> _PROBLEM DESCRIPTION_: Repeat exactly the lines of the material below that run from the "慕云泽苏晚晴夏雨桐小说免费阅读" line to the "养猫家里异味怎么处理,租房养猫搬走如何消除异味" line, including both, and do not carry over any pictures.
─── DATA FOR PROCESSING ───
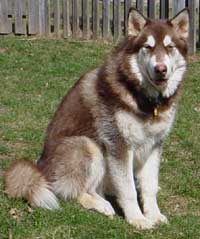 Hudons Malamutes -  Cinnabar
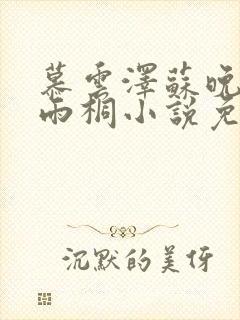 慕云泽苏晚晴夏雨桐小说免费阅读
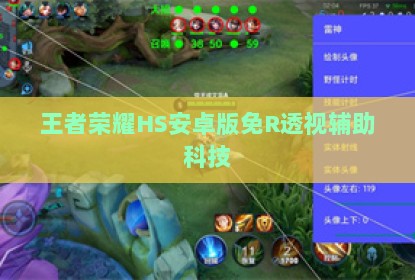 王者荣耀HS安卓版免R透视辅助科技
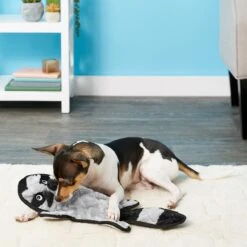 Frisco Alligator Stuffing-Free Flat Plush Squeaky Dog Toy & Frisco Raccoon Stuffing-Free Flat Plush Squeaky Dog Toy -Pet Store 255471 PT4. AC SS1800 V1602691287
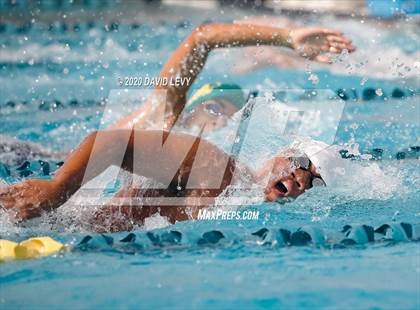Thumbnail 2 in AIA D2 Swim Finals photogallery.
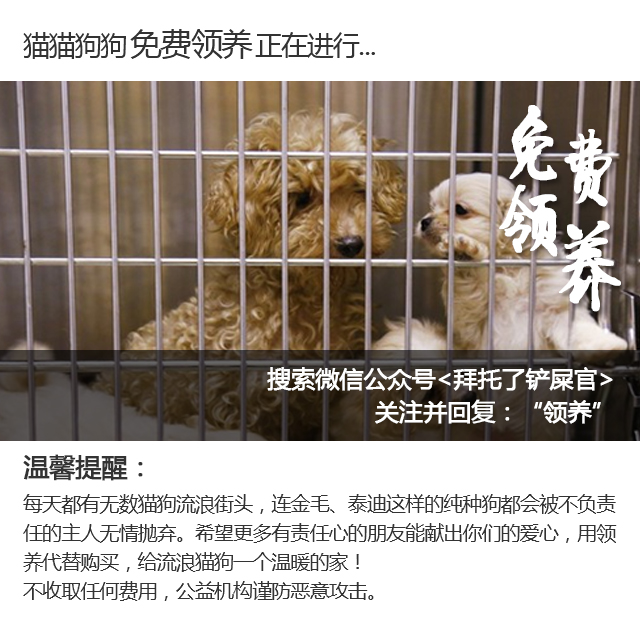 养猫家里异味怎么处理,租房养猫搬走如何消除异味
───
─── DATA FOR PROCESSING ───
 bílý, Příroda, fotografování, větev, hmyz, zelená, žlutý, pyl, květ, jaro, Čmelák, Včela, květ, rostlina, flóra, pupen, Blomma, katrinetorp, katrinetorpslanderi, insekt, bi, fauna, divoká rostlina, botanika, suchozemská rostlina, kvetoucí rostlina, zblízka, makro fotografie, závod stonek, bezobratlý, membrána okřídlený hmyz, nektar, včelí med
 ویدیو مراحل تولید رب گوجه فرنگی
───
─── DATA FOR PROCESSING ───
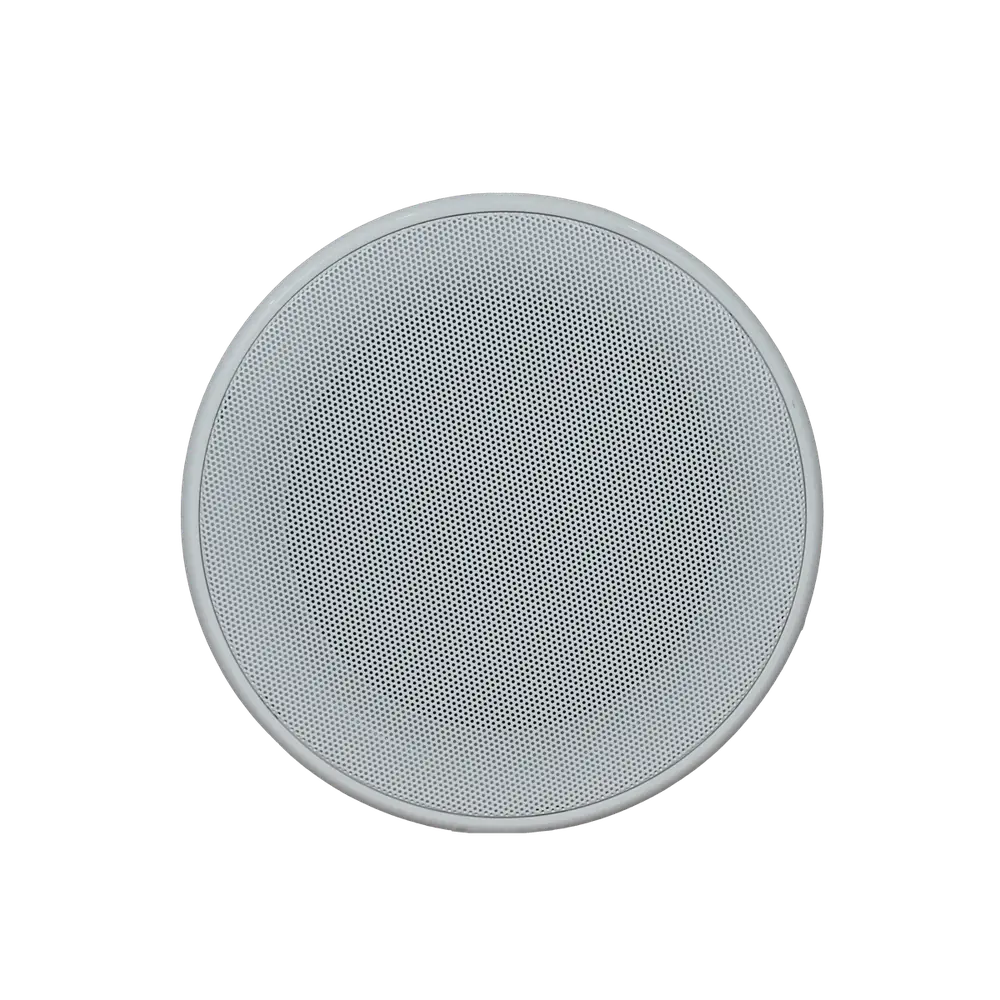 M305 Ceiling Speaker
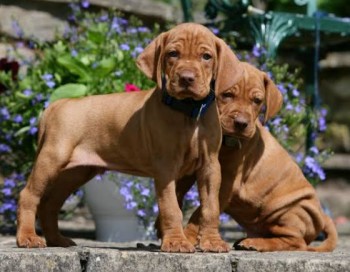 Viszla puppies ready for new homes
───
> _SOLVED PROBLEM_:
 慕云泽苏晚晴夏雨桐小说免费阅读
 王者荣耀HS安卓版免R透视辅助科技
 Frisco Alligator Stuffing-Free Flat Plush Squeaky Dog Toy & Frisco Raccoon Stuffing-Free Flat Plush Squeaky Dog Toy -Pet Store 255471 PT4. AC SS1800 V1602691287
Thumbnail 2 in AIA D2 Swim Finals photogallery.
 养猫家里异味怎么处理,租房养猫搬走如何消除异味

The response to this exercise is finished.